Assignment -
When you answer, copy every line of the listing below exactly.

Supplied information -

• • • • •

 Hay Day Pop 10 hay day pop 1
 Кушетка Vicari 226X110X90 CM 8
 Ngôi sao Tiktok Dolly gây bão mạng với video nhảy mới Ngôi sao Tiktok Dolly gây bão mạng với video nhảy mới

• • • • •

Written response -
 Hay Day Pop 10 hay day pop 1
 Кушетка Vicari 226X110X90 CM 8
 Ngôi sao Tiktok Dolly gây bão mạng với video nhảy mới Ngôi sao Tiktok Dolly gây bão mạng với video nhảy mới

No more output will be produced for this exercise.